Естественно, что предельное развитие процессов конституирования и профессионализации искусства обусловило соответствующий уровень профессионального самосознания как художника-индивидуума, так и профессионального сообщества. Это влечет за собой, во-первых, независимое поведение творческого субъекта, проявляющееся в виде двусторонней эмансипации: художник дистанцируется одновременно и от общественного мнения, и от официально установленных профессиональным сообществом, облеченным властью, норм и правил творчества, следуя собственным взглядам и убеждениям, отстаивая право на личностное видение целей и задач искусства[19]. Во-вторых, позиционирование художника внутри искусства (как в самовосприятии, так и в восприятии его обществом) стимулирует недостижимую ранее спецификацию видов искусства. Для живописи это означает, прежде всего, выстраивание принципиально иного содержания ее многовекового диалога с литературой, означающего освобождение от «иллюстративных» функций в широком смысле слова, преодоление нарративной риторики, деконструкция в целях эксперимента тех элементов собственного языка, которые были носителями миметического дискурса. Но важно еще раз подчеркнуть – в эпоху Мане и постимпрессионизма все это остается замкнутым в сфере искусства и ради искусства. В этом специфика прагматики культуры времени.

Позиции искусства в аксиологическом плане не поколеблены и не поставлены под сомнение, но дифференцированы и соотнесены с тем, что тогда стало казаться его имманентной природой, освобожденной и очищенной от внеположенных ей функций. Такая последовательная редукция сводит смысловое пространство живописи в рамках ее диалога с реальностью к одному измерению — визуальному[20]. За этим сжатием пространства, в котором ранее традиционно развертывались смыслы, значения, символы, аллегории (их референты зачастую располагались и вне сферы живописи, и вне сферы реальности), стоит понимание (неважно, интуитивное или нет) того, что визуальная данность есть результирующая взаимодействия всех модусов настоящего – и как таковая она эквивалент тотального соединения, столкновения, пересечения актуальных смыслов. «Удвоение» настоящего в живописи Мане только имитирует подчинение художественных средств основным чертам дискурса повседневной реальности (как одного из модусов потока времени) — хаотичности, случайности, фрагментарности и т.д. Это не более чем иллюзия изоморфности художественных средств, с одной стороны, и характеристик дискурса повседневности, с другой, однако достижение этой иллюзии является сознательной целью художника[21]. Реализованное такими средствами удвоение превращается в способ визуальной интерпретации настоящего. Это первый уровень отношения художника к повседневной реальности. На втором уровне, благодаря своим жестким композиционным приемам, картина не только фиксирует существенные черты повседневности, но вырывает их из жизненного потока, переводит в контекст искусства, где вступают в силу эстетические, аксиологические, гносеологические стратегии их рассматривания.

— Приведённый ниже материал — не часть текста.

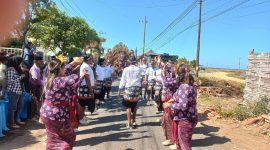 Warga Desa Karang Anyar saat mengikuti karnaval dalam rangka meriahkan HUT ke-80 RI (Istimewa - garudajatim.com) 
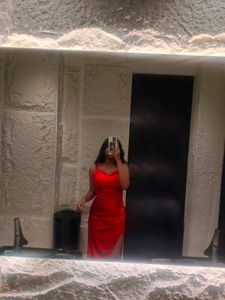 Pinteresty Red Slit Dress🎀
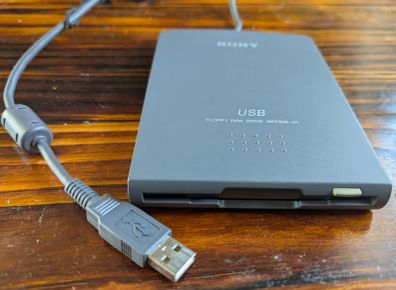 Sony External Usb Floppy Disk Drive  Mpf82e-u1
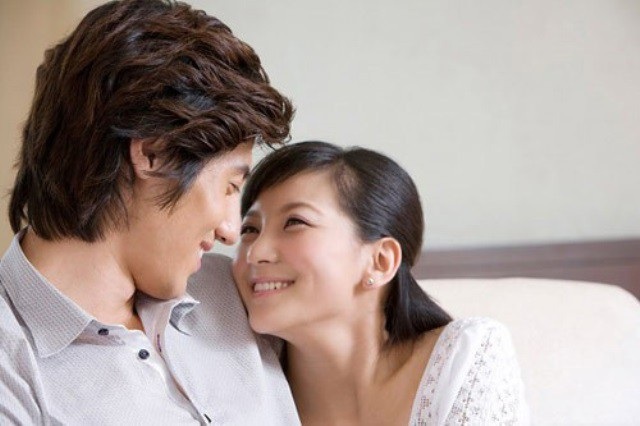 Bắt gặp vợ mặc váy hai dây khêu gợi khi thợ sửa ống nước đến nhà - Ảnh 1. Bắt gặp vợ mặc váy hai dây khêu gợi khi thợ sửa ống nước đến nhà - Ảnh 1.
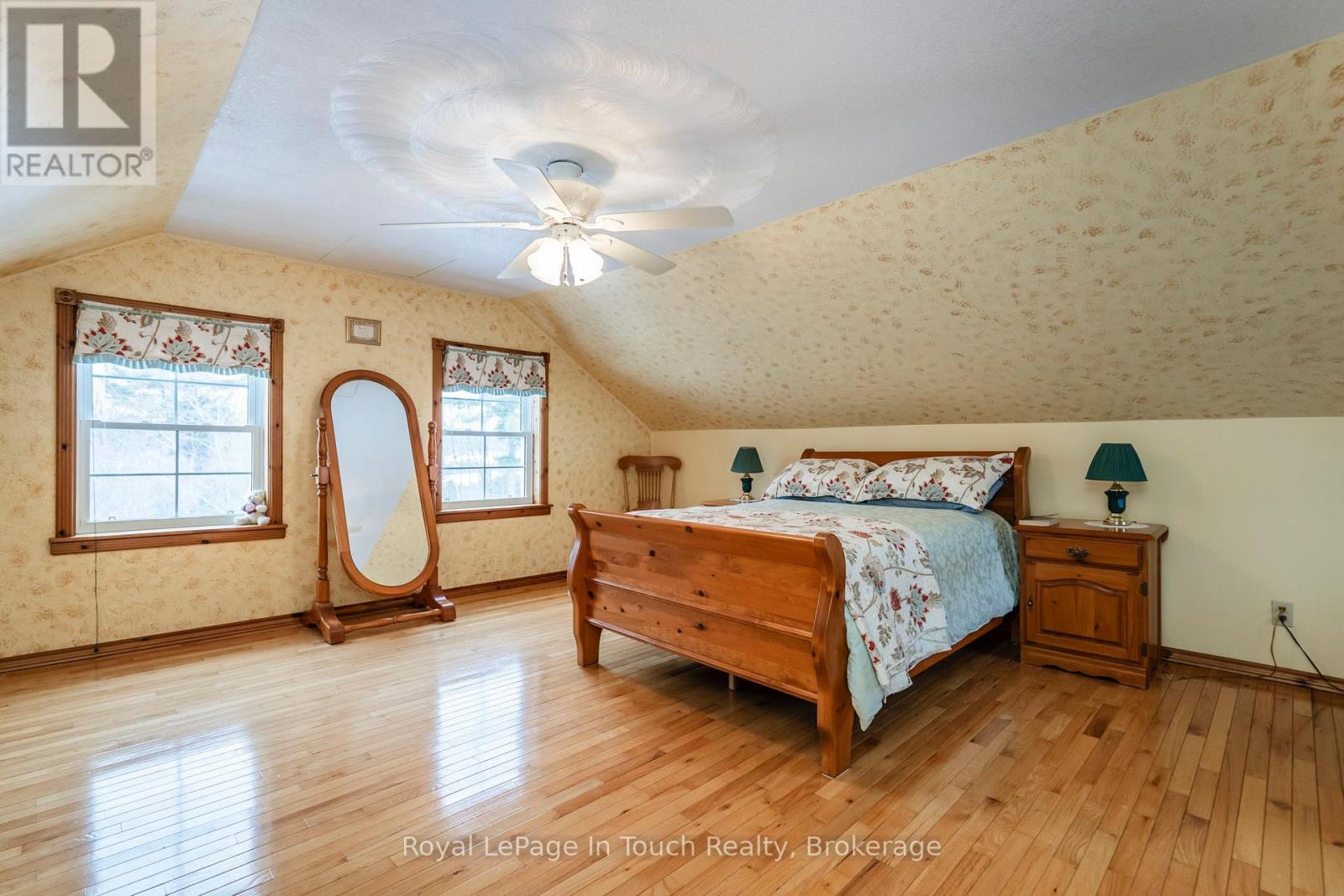 306 Church Street, Penetanguishene, Ontario  L9M 1G5 - Photo 37 - S12397041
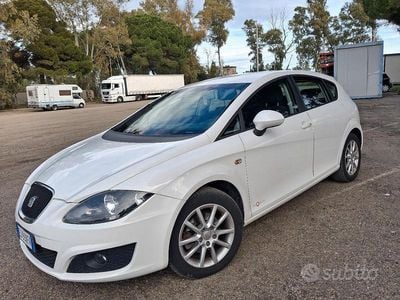 Usata Seat Leon Style 105 CV (77 kW) 2011 Bianco Utilitaria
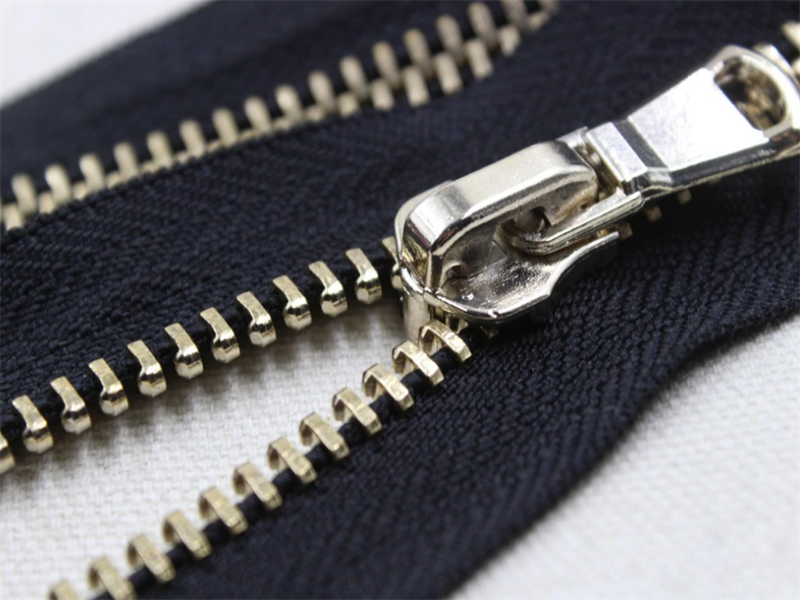 How to identify the quality of zipper in order to obtain high-quality products?
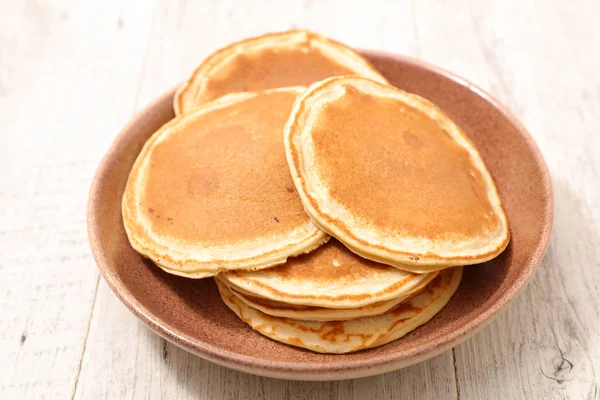 Frische Pfannkuchen Auf Teller Isoliert Auf Weißem Hintergrund — Stockfoto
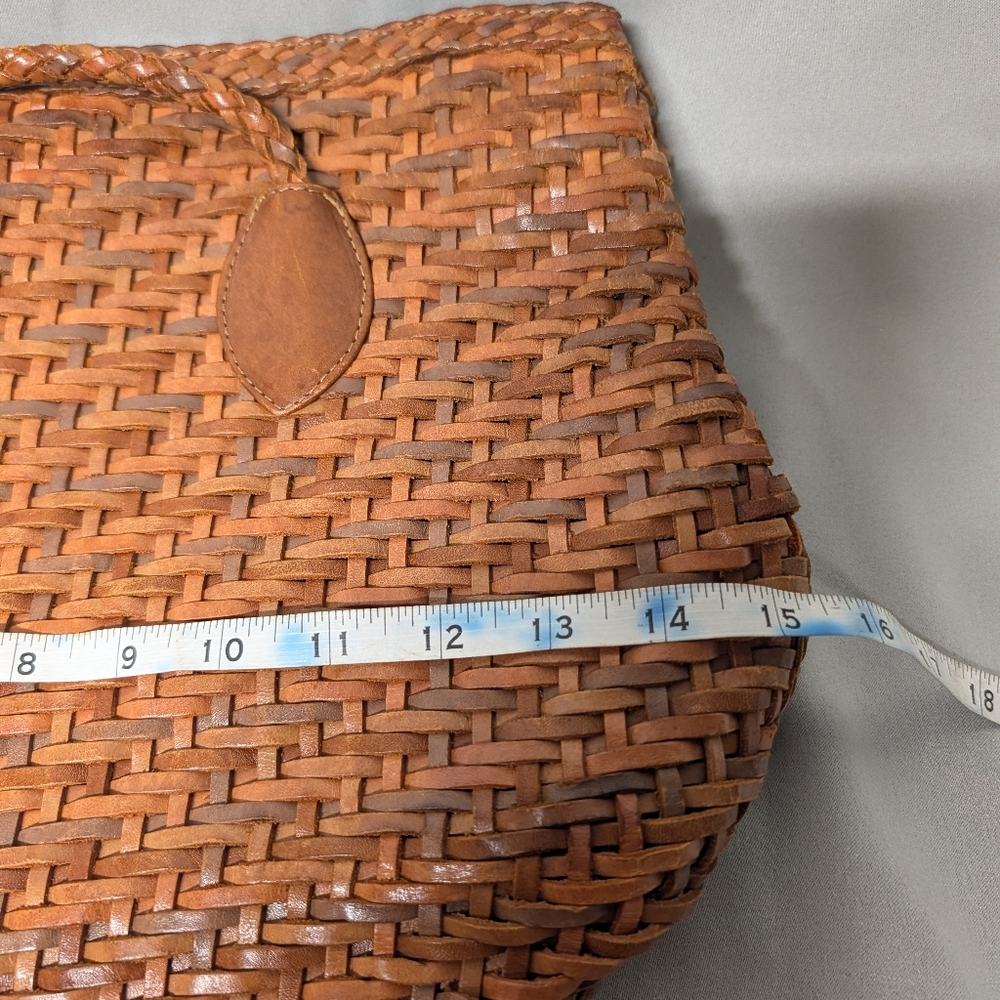 Vintage Woven Brown Shoulder Tote Bag - Classic Handcrafted Style - Picture 14 of 16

Уже упоминалось, что интерес живописи к специфике и возможностям собственного языка приобретает в это время особое значение, становясь платформой для ее эмансипации как от литературы, так и от иллюзионистического аспекта классического изображения. В современном искусстве Э. Мане реализует то, что вслед за Р. Бартом можно было бы назвать «живопись – наслаждение». В отличие от знаменитых произведений классической живописи (и здесь образцовым примером могут служить «Менины» Веласкеса), предполагающих неоднозначность, а, в сущности, бесконечность и неисчерпаемость на уровне смыслообразования и истолкования смыслов, абстрагированного от материальной природы живописных средств, в картинах Мане сами живописные средства образуют не застывшую, а постоянно самовоспроизводящуюся, находящуюся в процессе постоянного становления и разрушения «текстовую» среду. По воле зрителя, в зависимости от его состояния, подготовки, настроя на активное восприятие, источником наслаждения становятся то чистые элементы живописной техники (мазки и цветовые пятна, моделирующие форму, линии, охватывающие силуэт), то восприятие целостного, цельного образа.

В живописной технике Мане, в открытии, обнажении живописной поверхности скрыты существенные особенности нового, зарождающегося живописного языка. Во-первых, «манипуляции» живописной техникой – способ акцентировать вновь образовавшуюся дистанцию между живописью и литературой, репрезентировать значение ручного труда, сделанности для картины. Эта  сделанность уже совсем другого плана, чем в классической картине, она не просто составляет оппозицию ее образцовой завершенности, но в своей противоположности обретает разрушительную силу, взрывающую классическую картину[22]. Новая картина сама раскрывает себя, в отличие от классического романа, поэмы, стихотворения, как материальный, обладающий физическими параметрами феномен, именно как картину, в буквальном и узком смысле состоящую из холста и нанесенных на него красок. И в этом качестве, в этой своей феноменальности, картина становится уникальной параллелью реальности, постоянно подчеркивающей дистанцию между собой и реальностью, провокационно демонстрируя, как и из чего она сделана.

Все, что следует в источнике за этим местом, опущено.